By pulling out of the nuclear deal with Iran, against the advice of Britain, France and Germany, the United States’ closest allies, Trump left little doubt as to what drives his administration’s agenda.
Trump looks at the world through a very narrow prism, one that will end up hurting the United States and its relations with allies. Trump’s foreign policy is at least partly driven by resentment of his predecessor, Barack Obama, and a desire to dismantle everything Obama stood for during his two terms in the White House.
British Foreign Minister Boris Johnson made a last-ditch appeal to the Trump administration in a visit to Washington a few days before the US president announced his decision on Iran. In late April, Trump hosted French President Emmanuel Macron at the White House and discussed Iran. European leaders say they are open to negotiating a side agreement with Tehran but the existing framework must remain untouched for that to happen.
Faced with a United States determined to pursue its own policy, French, British and German leaders issued a joint statement expressing “regret and concern” and pledging their “continuing commitment” to the terms of the agreement, officially known as the Joint Comprehensive Plan of Action.
On May 8, Trump announced he was pulling the United States out of the international nuclear deal with Iran and would reimpose economic sanctions on Tehran. He called the 2015 agreement signed by Obama “an embarrassment” and “weak, poorly negotiated and insane.”
“The Iran deal is defective at its core. If we do nothing, we know exactly what will happen,” Trump said. “In just a short period of time, the world’s leading state sponsor of terror will be on the cusp of acquiring the world’s most dangerous weapons.”
What Trump is likely to achieve is increased tensions with key US allies who pushed hard to convince Trump not to give up on the deal. The economic stakes are high for Europe. The potential effect of renewed US sanctions is in the billions of dollars.
This is Trump’s most significant foreign policy decision since he was elected. By pulling out of the accord, he aims to send a message to Iran and any other nuclear aspirant that “the United States no longer makes empty threats.”
That said, the US pullout does not kill the deal outright. The Europeans could continue to keep it afloat on their own, at least theoretically.

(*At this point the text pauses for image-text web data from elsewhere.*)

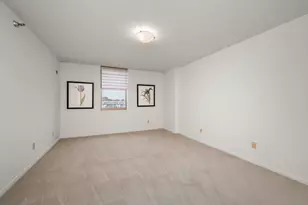 401 1st Street S, Minneapolis, MN 55401 - Photo 11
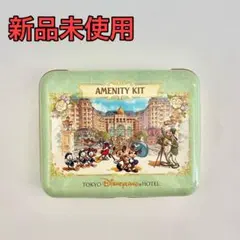 Item thumbnail for item 6b90e84c-0555-41df-980d-72ec27ff9b2b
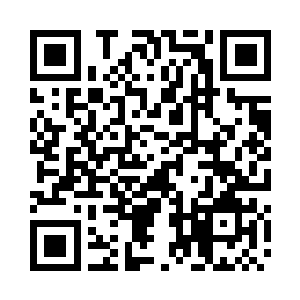 一千斤的力量与一万斤的力量相差十倍二维码生成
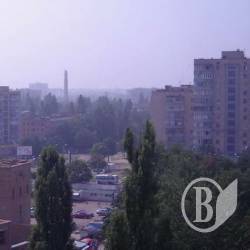 Причина появи смогу на Чернігівщині. Офіційно Причина появи смогу на Чернігівщині. Офіційно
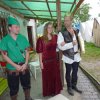 2011-07-29-848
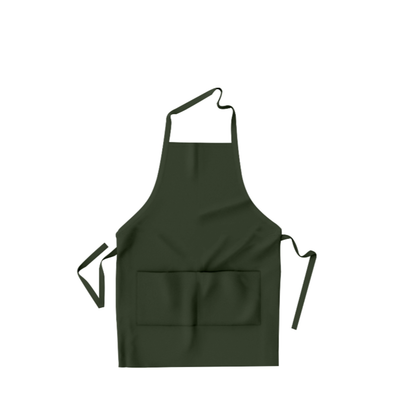 Tilpasset Kjøkkenforkle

Tehran could be willing to remain in the agreement with the “solid support” of Europeans but it is unclear whether the Europeans can afford to continue doing business with Iran considering the financial effects of US sanctions on the country.

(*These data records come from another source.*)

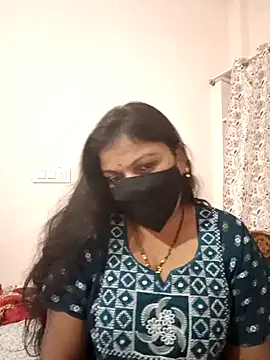 Ramya-Lovely online show from February 12, 6:40 pm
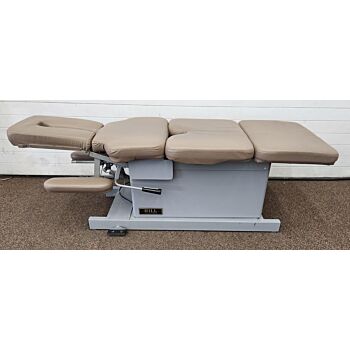 Used Hill HA90 Elevation Table (Item# 2379)
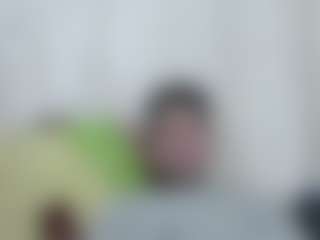 edijavi1980's Live Sex Cam Show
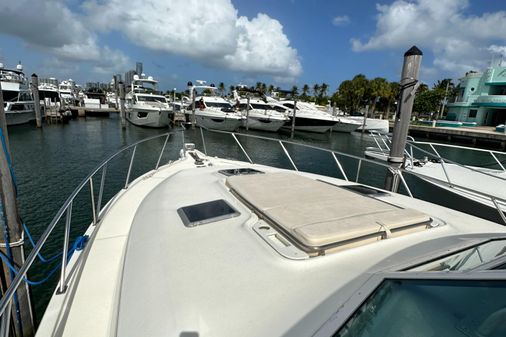 Tiara-yachts 4000-EXPRESS image
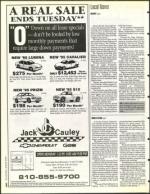 image of December 30, 1994 - number 8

The scrapping of the agreement with Iran could have negative repercussions on the European job market and economic growth but Europe may not have a way out.
US Treasury Secretary Steven Mnuchin said the Trump administration was revoking licences for Boeing and Airbus to sell jets to Iran, which were issued following the signing of the nuclear agreement. Boeing had plans to sell IranAir some 80 passenger aeroplanes for a contract worth approximately $17 billion with another 30 planes promised to Aseman Airlines for $3 billion. Airbus Industries, based in Toulouse, France, had agreed to sell the Iranians 100 aircraft worth about $19 billion.
“The Boeing and Airbus licences will be revoked,” Mnuchin said. “The existing licences will be revoked.”
Trump’s pulling out of the agreement with Iran is going to hurt European companies that were hoping to enter the lucrative Iranian market. The French oil company Total, for example, hoped to reach an agreement that would give it concessions in Iranian oil production.
Even though Paris, London and Berlin aim to respect the 2015 agreement, doing business with Iran could put them on a US blacklist. This puts a slew of European businesses in a precarious situation. Some of the fallout will unavoidably affect the US economy and its own job market.
Transatlantic ties could be in for serious turbulence.